- Chameleon eating a grasshopper
- Madagascar Exotic 75 Km east of Tana
- Coordinates: 18°55′52.7″S 47°56′59.9″E﻿ / ﻿18.931306°S 47.949972°E

= Peyrieras Reptile Reserve =

Privately run animal reserve in Madagascar

Madagascar Exotic (also known as the Peyrieras Butterfly Farm, Peyrieras Nature Farm and Mandraka Reptile Farm) is a small privately run reserve (or zoo) at Marozevo, on National Road N2, 75 km east of Antananarivo, between the towns of Manjakandriana and Moramanga.
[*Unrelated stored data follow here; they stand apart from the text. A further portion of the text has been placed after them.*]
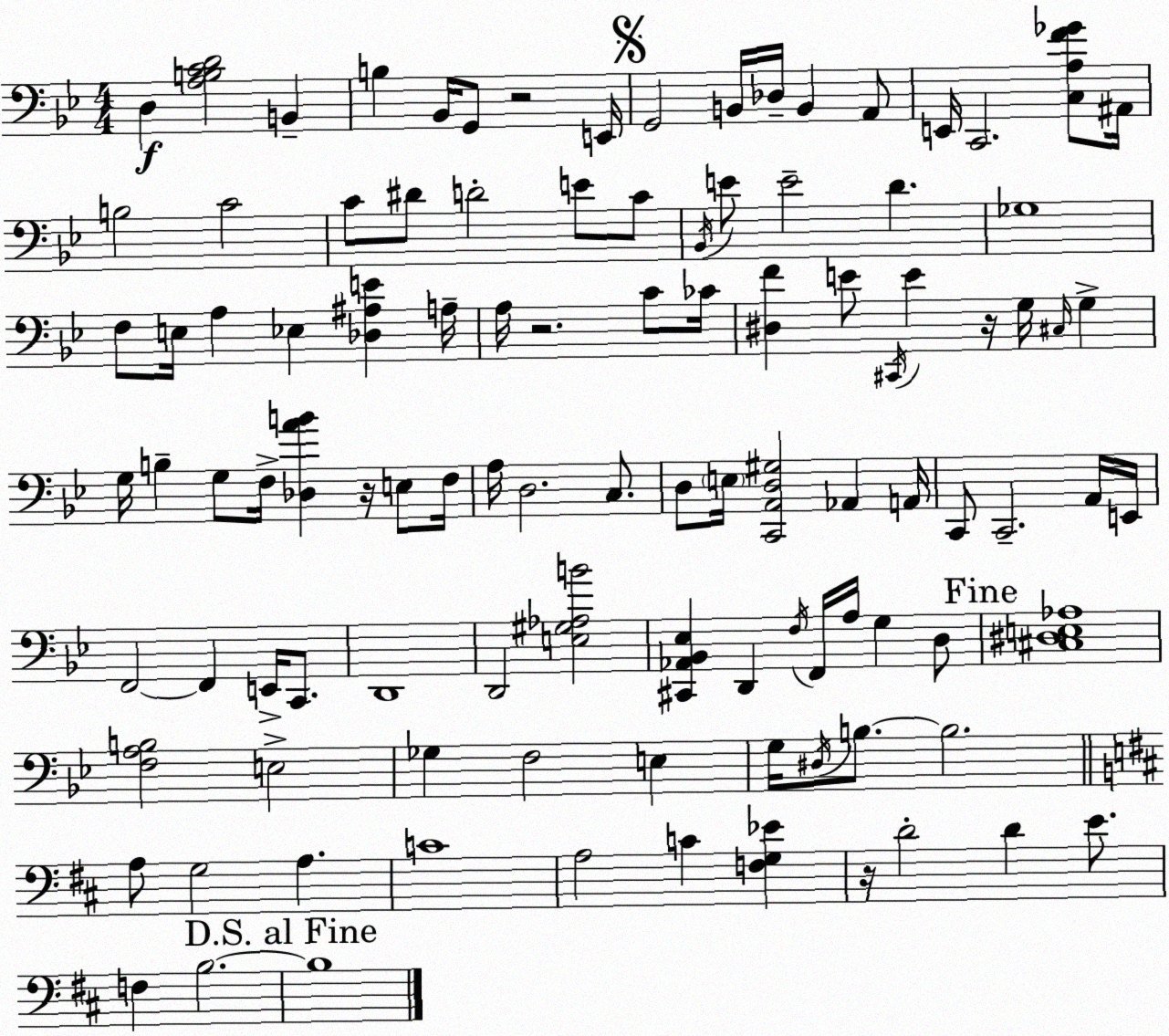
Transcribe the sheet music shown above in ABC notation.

X:1
T:Untitled
M:4/4
L:1/4
K:Bb
D, [A,B,CD]2 B,, B, _B,,/4 G,,/2 z2 E,,/4 G,,2 B,,/4 _D,/4 B,, A,,/2 E,,/4 C,,2 [C,A,F_G]/2 ^A,,/4 B,2 C2 C/2 ^D/2 D2 E/2 C/2 _B,,/4 E/2 E2 D _G,4 F,/2 E,/4 A, _E, [_D,^A,E] A,/4 A,/4 z2 C/2 _C/4 [^D,F] E/2 ^C,,/4 E z/4 G,/4 ^C,/4 G, G,/4 B, G,/2 F,/4 [_D,AB] z/4 E,/2 F,/4 A,/4 D,2 C,/2 D,/2 E,/4 [C,,A,,D,^G,]2 _A,, A,,/4 C,,/2 C,,2 A,,/4 E,,/4 F,,2 F,, E,,/4 C,,/2 D,,4 D,,2 [E,^G,_A,B]2 [^C,,_A,,_B,,_E,] D,, F,/4 F,,/4 A,/4 G, D,/2 [^C,^D,E,_A,]4 [F,A,B,]2 E,2 _G, F,2 E, G,/4 ^D,/4 B,/2 B,2 A,/2 G,2 A, C4 A,2 C [F,G,_E] z/4 D2 D E/2 F, B,2 B,4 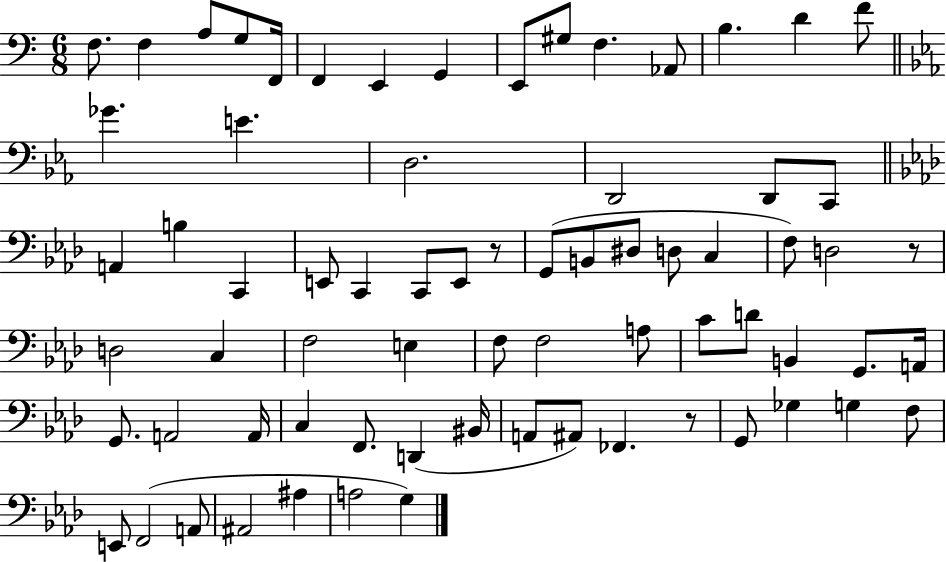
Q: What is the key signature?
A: C major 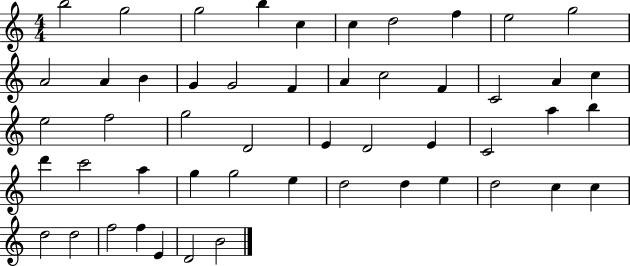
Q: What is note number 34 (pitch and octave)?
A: C6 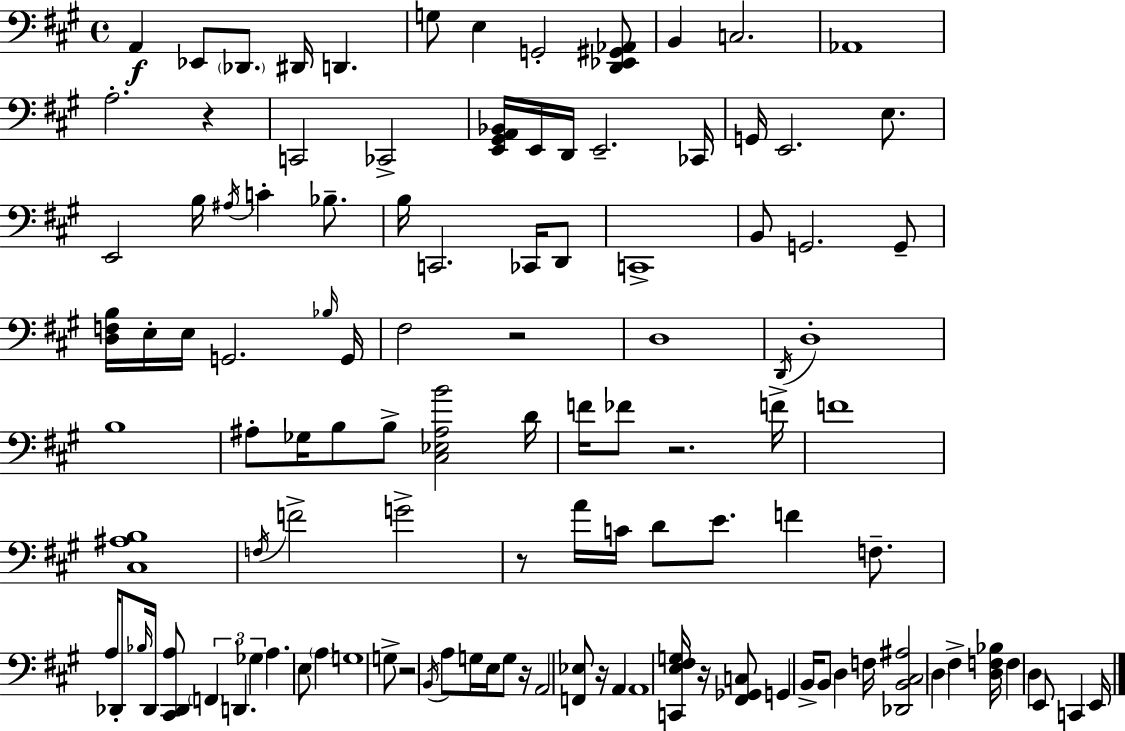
A2/q Eb2/e Db2/e. D#2/s D2/q. G3/e E3/q G2/h [D2,Eb2,G#2,Ab2]/e B2/q C3/h. Ab2/w A3/h. R/q C2/h CES2/h [E2,G#2,A2,Bb2]/s E2/s D2/s E2/h. CES2/s G2/s E2/h. E3/e. E2/h B3/s A#3/s C4/q Bb3/e. B3/s C2/h. CES2/s D2/e C2/w B2/e G2/h. G2/e [D3,F3,B3]/s E3/s E3/s G2/h. Bb3/s G2/s F#3/h R/h D3/w D2/s D3/w B3/w A#3/e Gb3/s B3/e B3/e [C#3,Eb3,A#3,B4]/h D4/s F4/s FES4/e R/h. F4/s F4/w [C#3,A#3,B3]/w F3/s F4/h G4/h R/e A4/s C4/s D4/e E4/e. F4/q F3/e. A3/s Db2/e Bb3/s Db2/s [C#2,Db2,A3]/e F2/q D2/q. Gb3/q A3/q. E3/e A3/q G3/w G3/e R/h B2/s A3/e G3/s E3/s G3/e R/s A2/h [F2,Eb3]/e R/s A2/q A2/w [C2,E3,F#3,G3]/s R/s [F#2,Gb2,C3]/e G2/q B2/s B2/e D3/q F3/s [Db2,B2,C#3,A#3]/h D3/q F#3/q [D3,F3,Bb3]/s F3/q D3/q E2/e C2/q E2/s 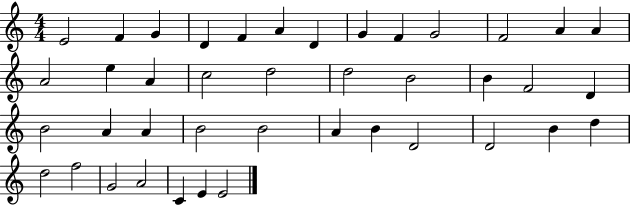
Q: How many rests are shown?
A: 0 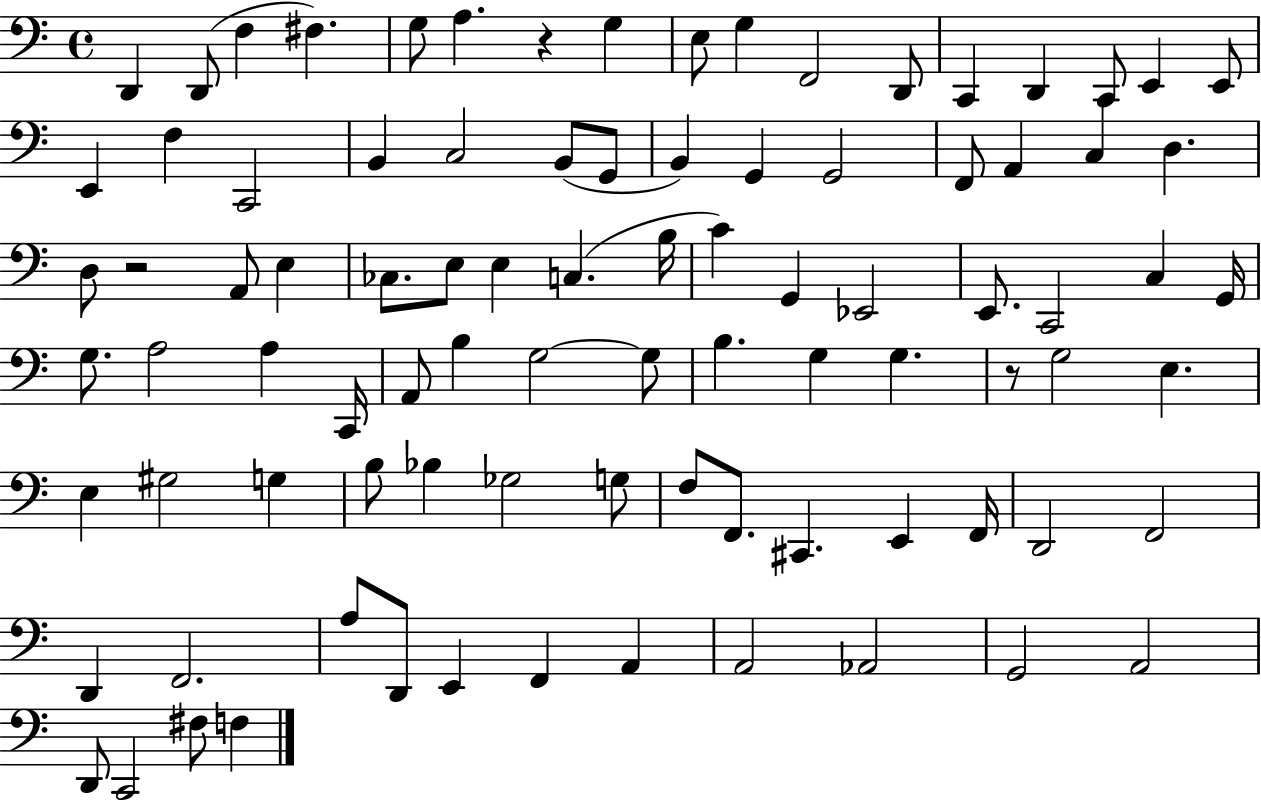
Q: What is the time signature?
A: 4/4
It is a popular tourist stop between Antananarivo and Madagascar's Andasibe-Mantadia National Park.

It was founded and owned by the French entomologist and naturalist André Peyriéras, which is why it is also known as the Reserve Peyrieras.

The collection includes many reptiles (chameleons, iguanas, geckos, frogs), batraciens (amphibians), crocodiles and papillons (butterflies). The adjacent forest area supports families of relocated and habituated Verreaux's sifaka and common brown lemur which provide opportunities to photograph them close up at feeding times.

Most of the reptiles and other species are held within several large caged buildings and greenhouses, which tourists may enter when accompanied by a guide. A group of Coquerel's sifaka return daily to be fed and to aid photography by the tourists.